Cumb1-1703A steel-framed solution has been chosen for Cumbria County Council’s new offices in Carlisle.

Cumbria County Council offices, Carlisle
Main client: Cumbria County Council
Architect: AHR Architects
Main contractor: Eric Wright Construction
Structural engineer: Curtins
Steelwork contractor: Border Steelwork Structures
Steel tonnage: 400t
As part of an ongoing cost-saving exercise, Cumbria County Council has moved into a new custom-built £10.4M office block in central Carlisle.

By moving the majority of its staff into the new premises, the Council is able to sell more than 20 older offices throughout the city, a move which will save it around £1M each year.

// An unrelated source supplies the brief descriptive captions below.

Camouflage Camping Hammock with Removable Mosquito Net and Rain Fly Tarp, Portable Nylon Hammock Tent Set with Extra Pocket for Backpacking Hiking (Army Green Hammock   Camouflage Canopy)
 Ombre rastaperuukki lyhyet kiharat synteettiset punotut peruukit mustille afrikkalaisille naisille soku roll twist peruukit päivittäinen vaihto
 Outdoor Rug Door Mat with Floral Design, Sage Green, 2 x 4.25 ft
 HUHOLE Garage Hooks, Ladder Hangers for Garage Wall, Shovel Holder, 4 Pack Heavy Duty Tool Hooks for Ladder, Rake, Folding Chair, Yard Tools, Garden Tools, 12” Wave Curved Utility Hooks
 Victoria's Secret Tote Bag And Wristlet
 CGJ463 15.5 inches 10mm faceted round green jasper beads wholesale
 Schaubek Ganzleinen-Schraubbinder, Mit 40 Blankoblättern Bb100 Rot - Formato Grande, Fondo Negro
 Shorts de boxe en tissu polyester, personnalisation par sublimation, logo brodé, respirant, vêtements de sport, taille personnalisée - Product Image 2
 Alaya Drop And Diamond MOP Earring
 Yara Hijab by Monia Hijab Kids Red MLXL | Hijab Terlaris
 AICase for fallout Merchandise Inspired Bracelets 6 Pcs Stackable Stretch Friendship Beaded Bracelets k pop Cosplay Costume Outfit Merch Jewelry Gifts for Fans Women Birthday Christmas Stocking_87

Located on the historic Botchergate, the headquarters building features 450 workstations and accommodates around 700 staff, with hot desking, mobile working and modern technologies helping to further slash overheads and cut the council’s carbon output in half – from 1,546t to 826t.

Eric Wright Construction Managing Director John Wilson says: “As a business, and working in partnership with our design team, we’ve extensive experience in creating high-profile, bespoke office accommodation for clients across the UK, and we believe we have delivered such a project that will help Cumbria County Council achieve its commitments to ongoing overhead reductions and cost savings.”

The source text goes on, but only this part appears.